> [Task to complete]
A faithful copy is needed of the lines below from the one with "Mango Man Blue" up to and including the one with "[1 Niche Cross"; set it down with no pictures and no other lines.

> [Given data]
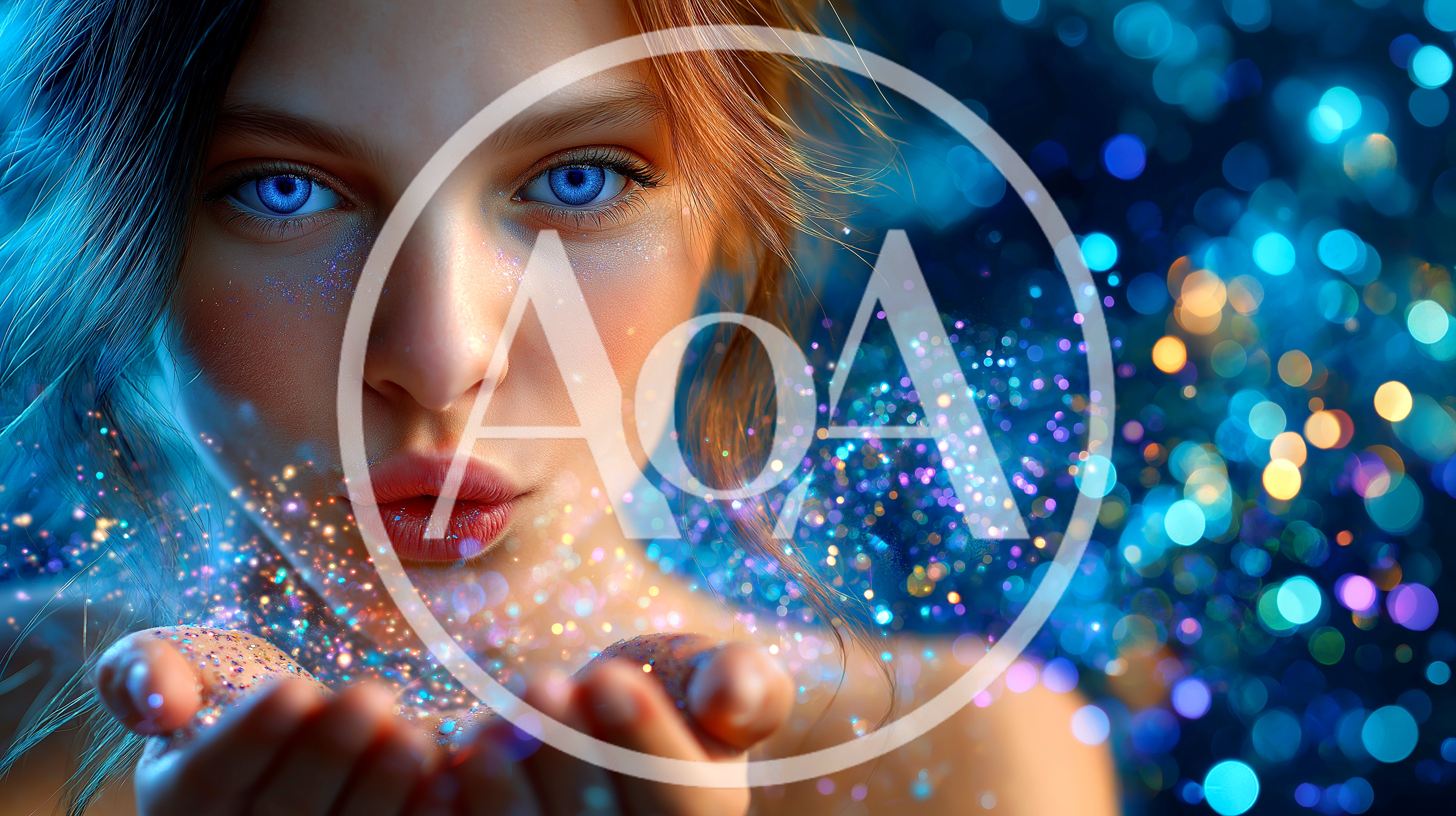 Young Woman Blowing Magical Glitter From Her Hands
---
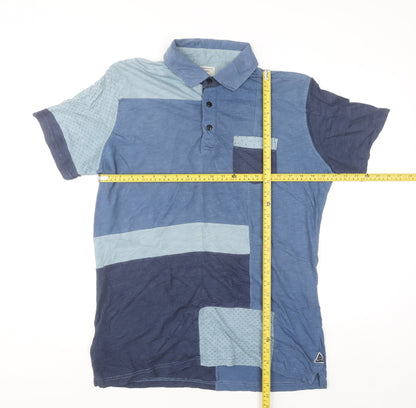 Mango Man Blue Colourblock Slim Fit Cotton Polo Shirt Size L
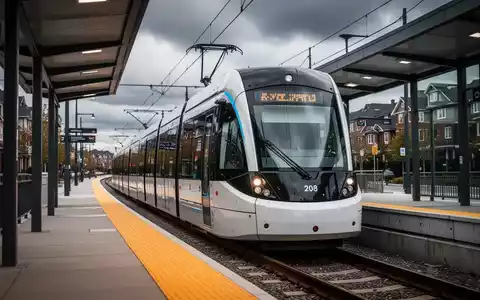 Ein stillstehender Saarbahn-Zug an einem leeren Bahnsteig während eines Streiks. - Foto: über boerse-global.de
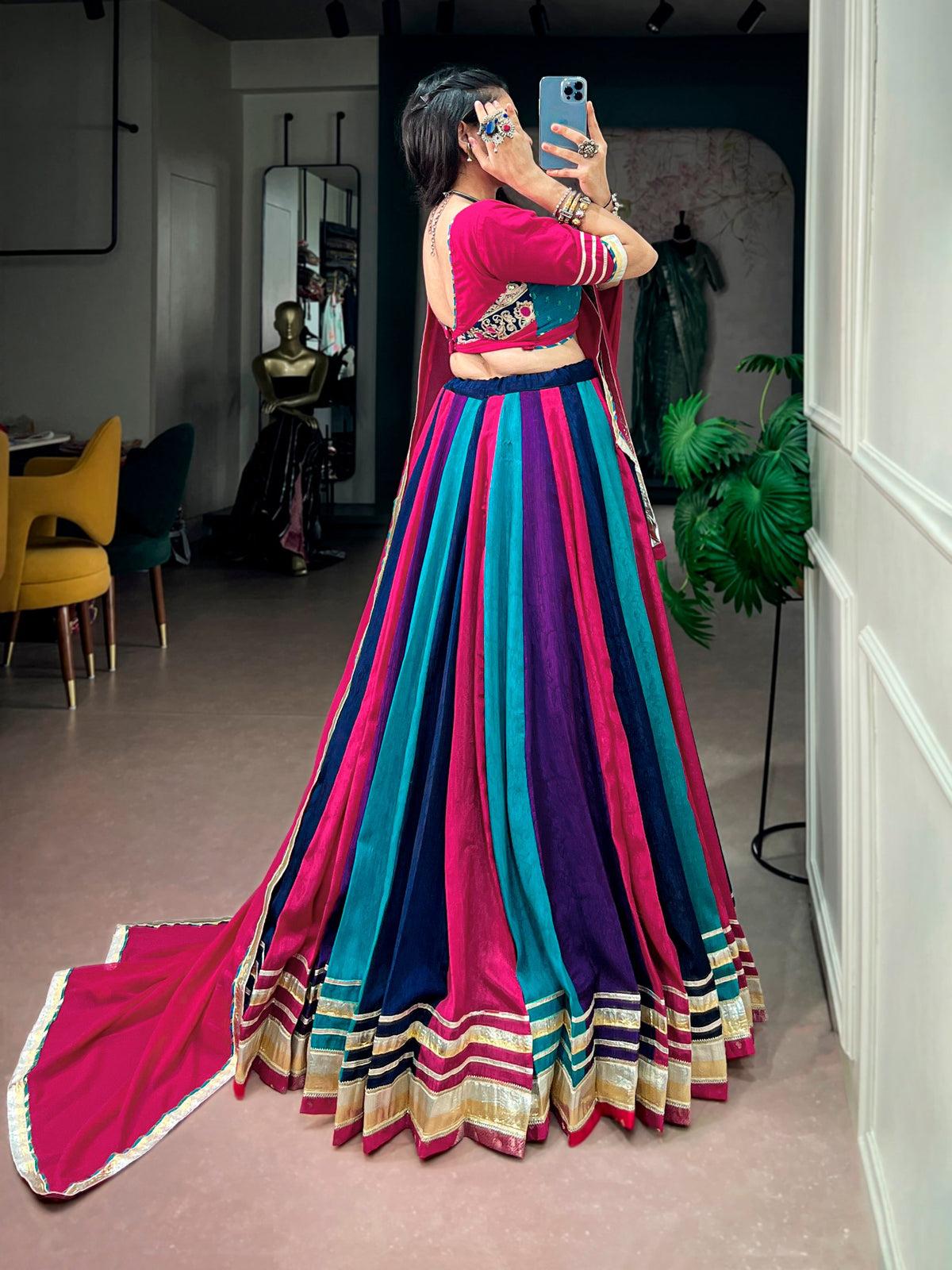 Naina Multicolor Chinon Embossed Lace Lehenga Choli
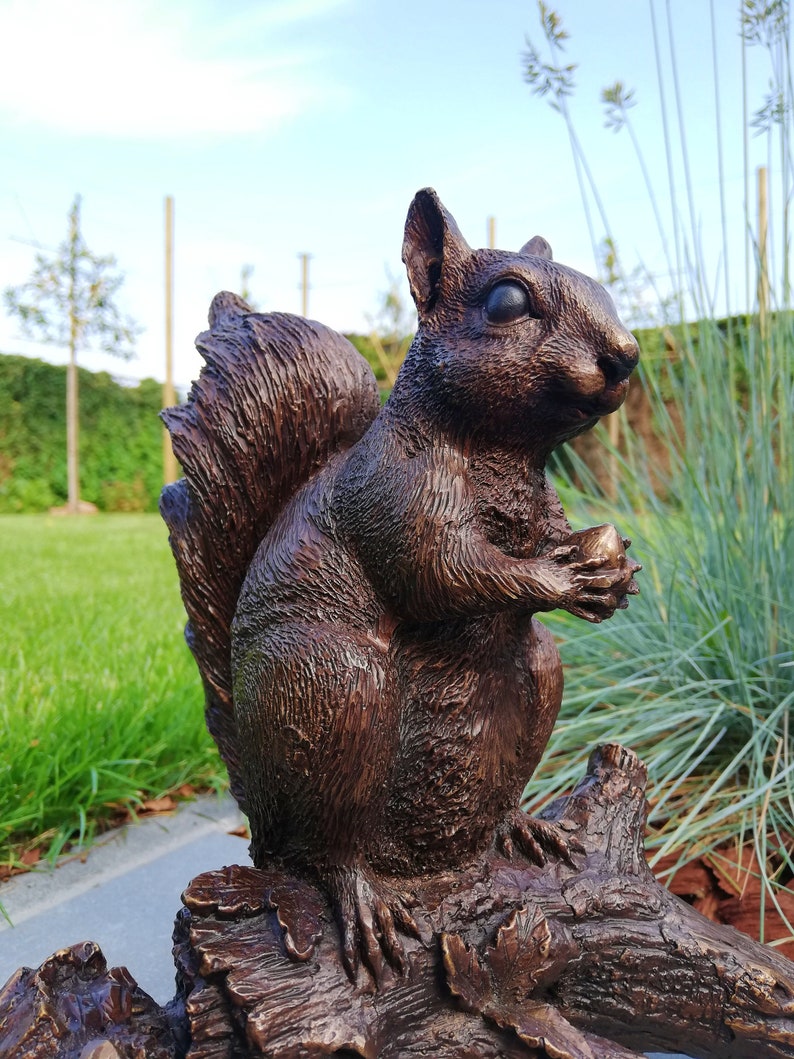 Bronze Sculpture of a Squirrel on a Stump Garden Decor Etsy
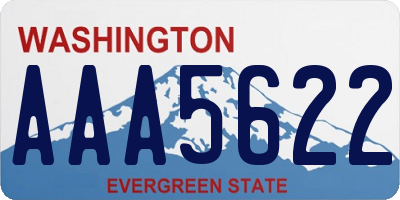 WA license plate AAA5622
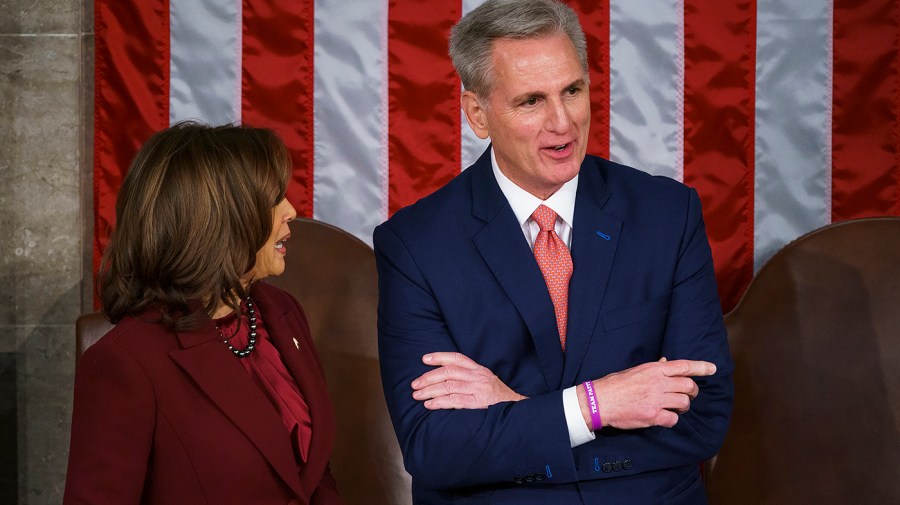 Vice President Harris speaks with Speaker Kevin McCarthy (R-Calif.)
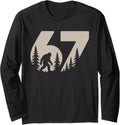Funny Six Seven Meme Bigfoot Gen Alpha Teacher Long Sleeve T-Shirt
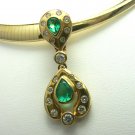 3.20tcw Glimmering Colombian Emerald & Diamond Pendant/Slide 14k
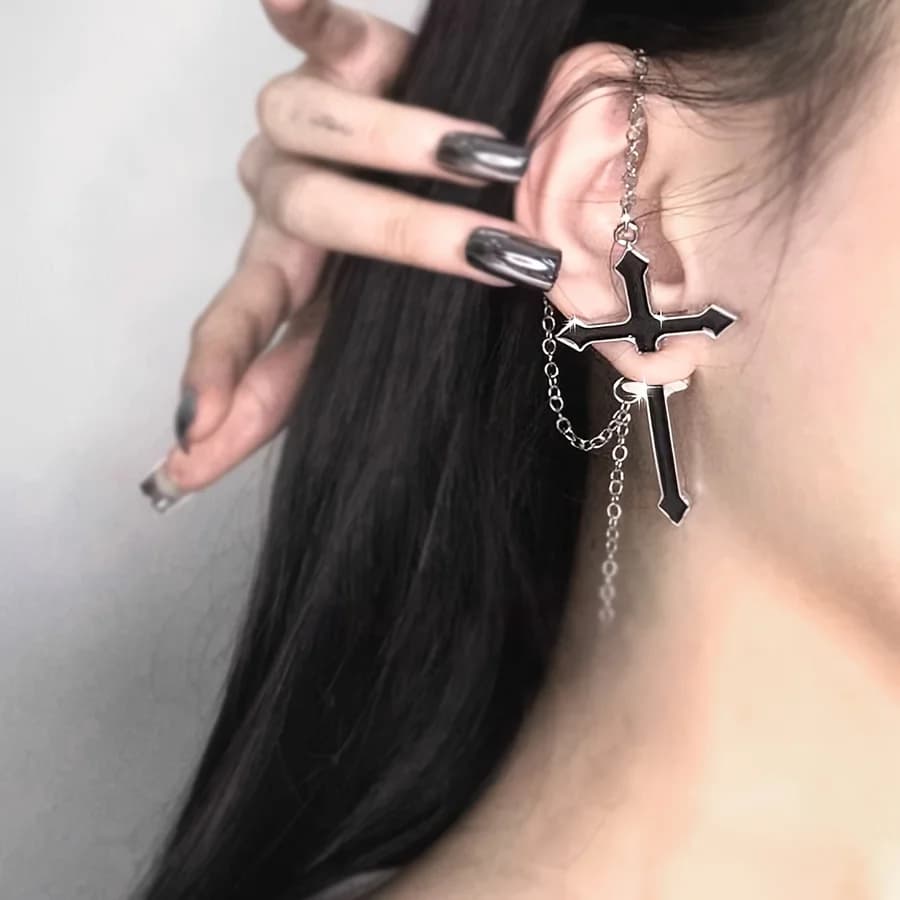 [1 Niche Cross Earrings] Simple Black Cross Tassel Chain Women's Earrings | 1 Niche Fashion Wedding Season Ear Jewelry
* * *
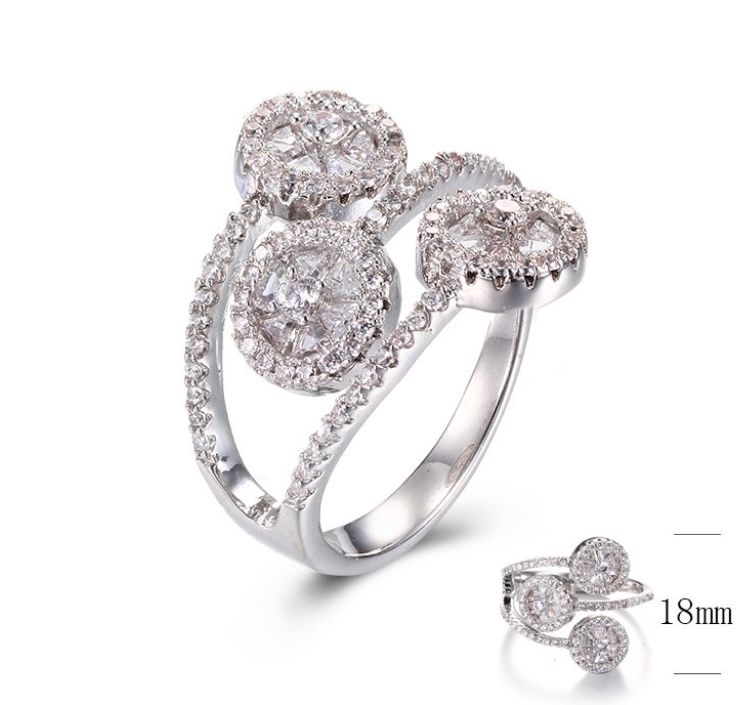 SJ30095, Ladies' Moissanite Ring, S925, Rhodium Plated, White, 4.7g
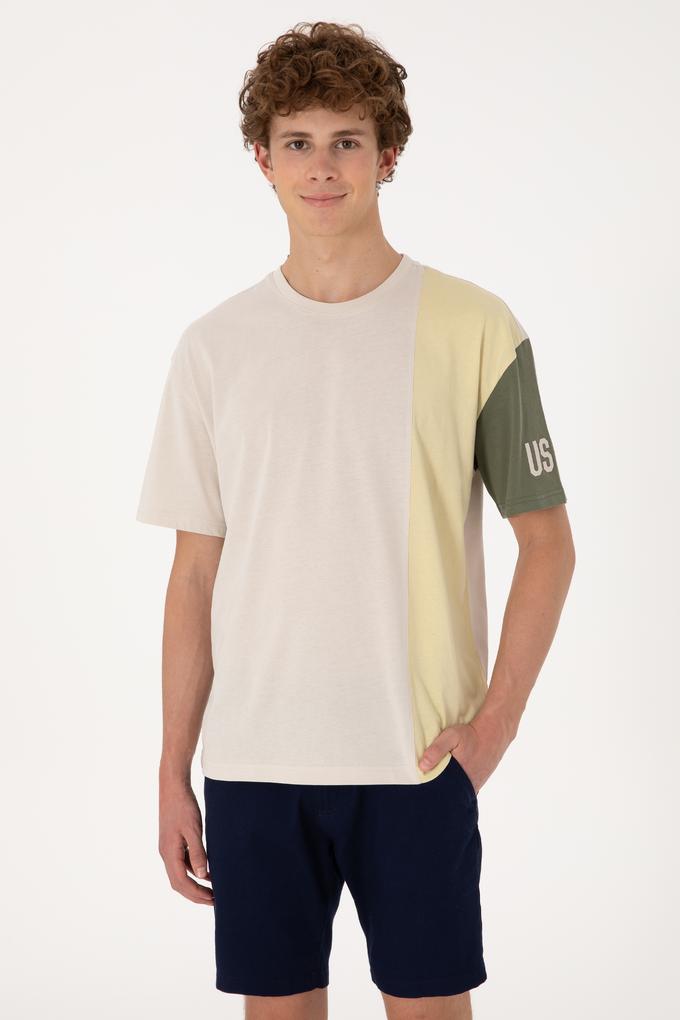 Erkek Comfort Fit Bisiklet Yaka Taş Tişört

> [Solution to the exercise]
 Mango Man Blue Colourblock Slim Fit Cotton Polo Shirt Size L
 Ein stillstehender Saarbahn-Zug an einem leeren Bahnsteig während eines Streiks. - Foto: über boerse-global.de
 Naina Multicolor Chinon Embossed Lace Lehenga Choli
 Bronze Sculpture of a Squirrel on a Stump Garden Decor Etsy
 WA license plate AAA5622
 Vice President Harris speaks with Speaker Kevin McCarthy (R-Calif.)
Funny Six Seven Meme Bigfoot Gen Alpha Teacher Long Sleeve T-Shirt
 3.20tcw Glimmering Colombian Emerald & Diamond Pendant/Slide 14k
 [1 Niche Cross Earrings] Simple Black Cross Tassel Chain Women's Earrings | 1 Niche Fashion Wedding Season Ear Jewelry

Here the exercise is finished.